Olivia a new maturity Down Under Special

By Ivor Davis

Olivia Newton-John is having a party in her flagship Koala Blue boutique and milk bar on Melrose Avenue in the heart of Hollywood. The shrimps are sizzling on the barbecue, the Foster’s is flowing and the band in the background is hammering out a rather loud version of Tie Me Kangaroo Down Sport. It’s a fun time but the blonde, Aussie-reared star is getting serious. It’s a crucial time in her life. Motherhood took her out of the Hollywood mainstream for more than two years, but now she’s back.

The bubbly singer/actress takes a break from the party to talk bluntly and frankly about love, marriage, children and life as she approaches her 40th birthday. Despite rumors and published reports, that she’s having a second child, Olivia says: “I’m not pregnant, but I’m hoping. I do so want another baby.” A boy next time? “It would be great, but you can’t choose, can you,” she replies with a girlish giggle. “I wouldn’t mind as long as he or she is healthy. Two would be perfect.”

Olivia, who will turn 40 on September 26, looks a dozen years younger. But it’s a mature Olivia who talks of her rich world crowded with a new TV special, a new album, new horizons for her chain of boutiques, and life with her darling daughter Chloe and her actor husband Matt Lattanzi. And while she awaits the reaction to the new TV special and her new album The Rumour, she chatters at machine-gun pace about the two-year-old apple of her eye, who shares some of the limelight with her famous mum in a beautifully shot beach sequence in the Olivia Newton-John In Australia special.

The Seven Network will screen the special in Australia later this year. “I hope I’ve matured in the past few years,” Olivia says. “And I think some of the songs in my new album reflect that. I wrote four of them. It’s a very personal album. “Since I had Chloe and I became a parent, I’ve become a lot more aware. When you have a child your horizons are opened up. “The most important thing in my life is Chloe, and my husband and I want the world to be a better place for her. Motherhood has done it no doubt. I’ve come to a time in my life when I don’t want to do a frivolous pop album (The Rumour is her first since the 1985 Soul Kiss). I can’t compete with the 15 or 16-year-old pop singers. Now I want to do something that means something to me… about women of the Eighties … what I feel, what I observe.”

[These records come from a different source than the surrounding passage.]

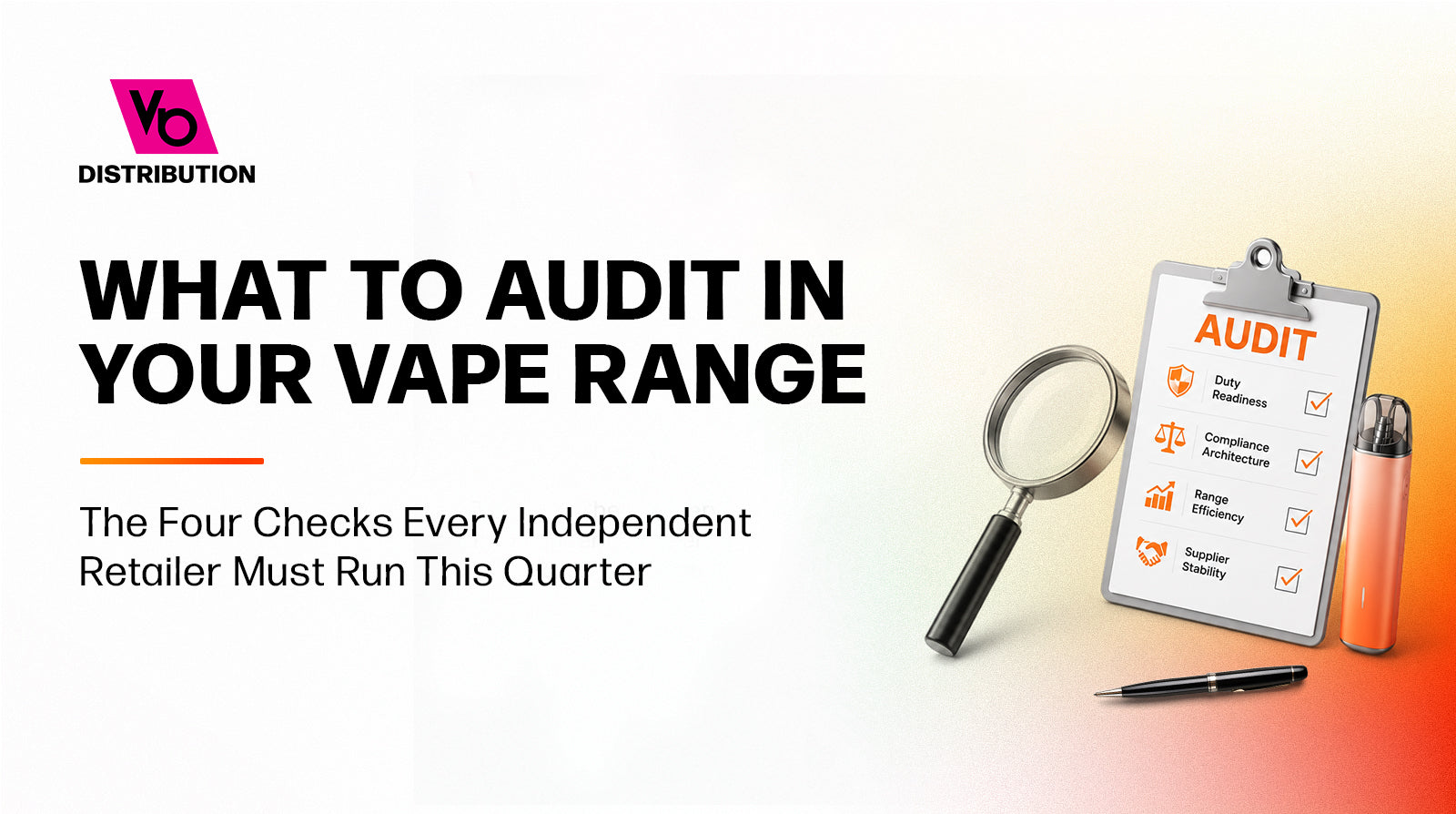 What to Audit in Your Vape Range: The Four Checks Every Independent Retailer Must Run This Quarter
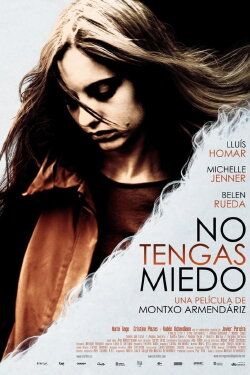 Don't Be Afraid (2011)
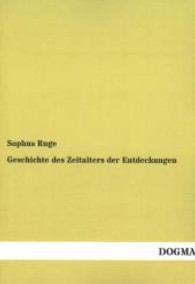 Geschichte des Zeitalters der Entdeckungen （Nachdruck. 2013. 604 S. 220 mm）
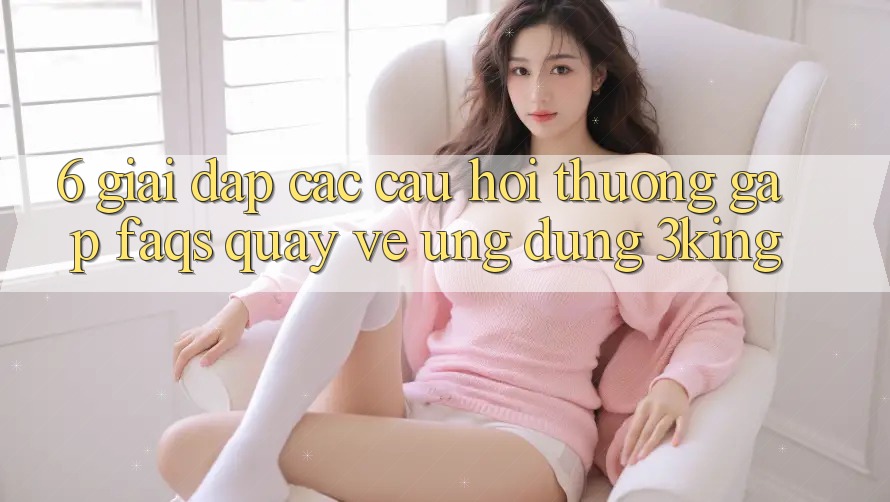 6. Giải Đáp Các Câu Hỏi Thường Gặp (FAQs) Quay về Ứng dụng 3king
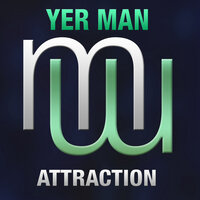 Attraction - Yer Man
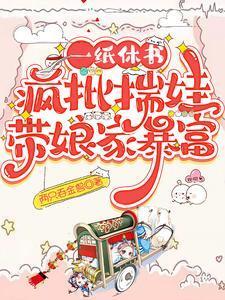 一纸休书，疯批揣娃带娘家暴富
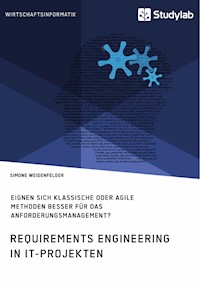 Requirements Engineering in IT-Projekten. Eignen sich klassische oder agile Methoden besser für das Anforderungsmanagement? - Simone Weidenfelder - E-Book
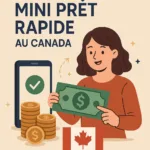 Comment Fonctionne un Mini Prêt Rapide au Canada?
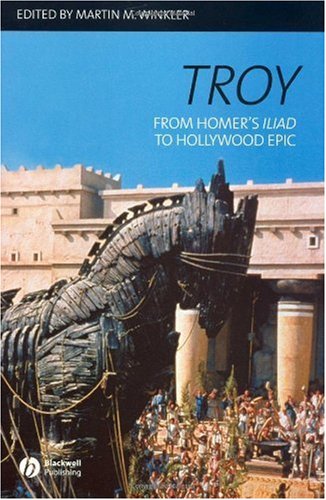 Troy From Homers Iliad To Hollywood Epic Martin M Winkler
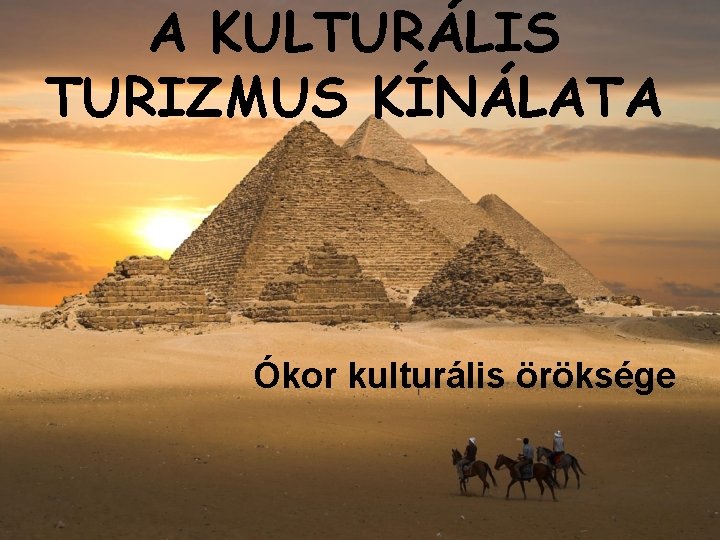 A KULTURÁLIS TURIZMUS KÍNÁLATA Ókor kulturális öröksége 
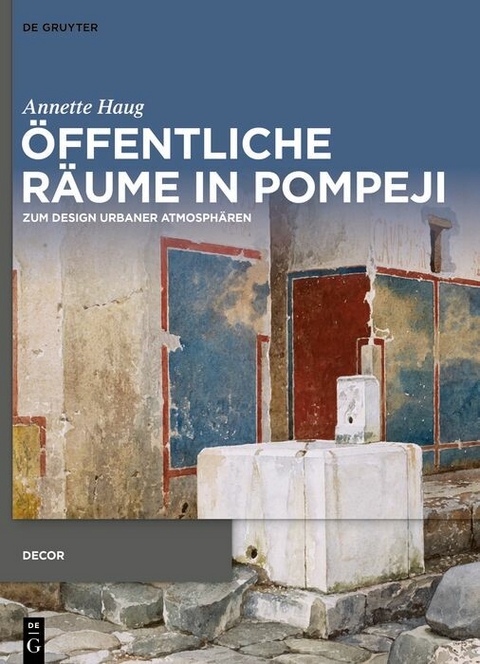 &Ouml;ffentliche R&auml;ume in Pompeji -  Annette Haug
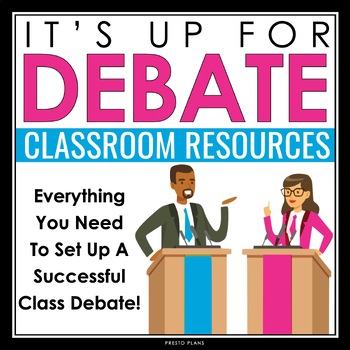 Preview of Debate - Slides, Organizers, Worksheets, Handout, & Topics for Classroom Debates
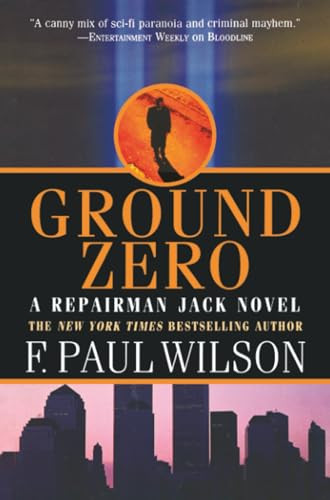 Ground Zero (A Repairman Jack Novel) by F. Paul Wilson, 9781250447630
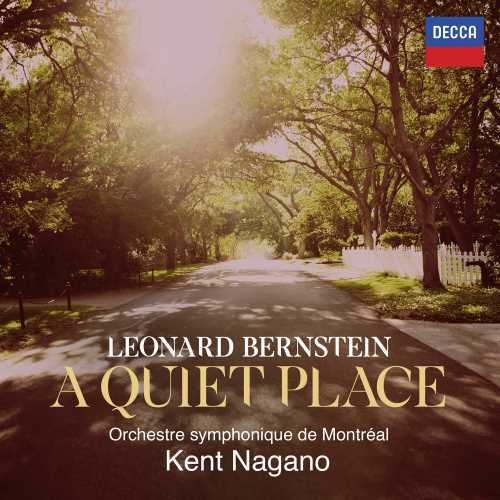 Bernstein / Nagano / Boyle / Kaiser: Quiet Place  \ CD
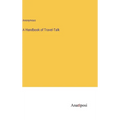 A Handbook of Travel-Talk - Hardcover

One of her new songs chronicles the plight of the single mother. “I wrote it because I have a good friend who has a number of children and she’s going through a divorce and raising them on her own,” she says. “I sympathise with her plight.” There are also songs about AIDS a disease that has devastated many in showbusiness in Hollywood and one about ecology. “I wrote the ecology one because I want there to be forests and animals for my daughter to enjoy.”

With maturity, admits Olivia, has come a new attitude towards Chloe’s security. At one time she was fiercely protective of her child to the point of what some believed was an obsession. “It was natural I was protective, but now I’m more relaxed,” she says. “When I filmed the special with Chloe in Australia, I felt very safe there. With the first child, I realised, you give them much more cushioning than they need. I thought having her in the special would be a wonderful memory for her to have. I didn’t feel as though she had to pose for 100 cameras there was just one.”

Security for Olivia herself sometimes rivals that for an American presidential candidate. Her security men often demand to see the floor plans of buildings in which Olivia is appearing. Such was the case at a recent television interview and at a down-town hotel where a reception was held for the star. Olivia says she is very happy with her marriage and her life. “I feel I’m just coming into the happiest time of my life. It seems to be getting better. I’m not terrified of getting older we’re all getting older, there’s no getting round it.”

Matt is not present at the Koala Blue party. “He’s in Spain showing his new movie Blueberry Hill in a competition,” she explains. A decade or so ago, admits Olivia, she was worried that any man she went with or married might not be able to cope with her fame and would end up being known as Mr Olivia Newton-John. “Everyone goes through difficult times in their life with their own personal problems, and I have. But Matt and I have a great relationship. There’s never been competition between us. He’s never felt threatened, because he’s very confident of himself and who he is. Ours was the very first relationship I had where I didn’t feel any competitive undercurrent.”

The future, she says, looks very rosy. There’s plenty of plans on the Koala Blue front, with projections that the 16 stores will do $7.5 million in business in 1988. Are there plans for any movies or concert tours? “I’d like to do a movie if the right script came along, and if we could shoot in Los Angeles close to my home in Malibu,” she says. “But on the concert front, no. I wouldn’t want to be away from Chloe for three months.” At this moment, two huge screens flash clips of Olivia’s Australia special, showing her cavorting in sand and surf with fair- haired Chloe clad all in pink. “Now you can see what I mean,” Olivia coos.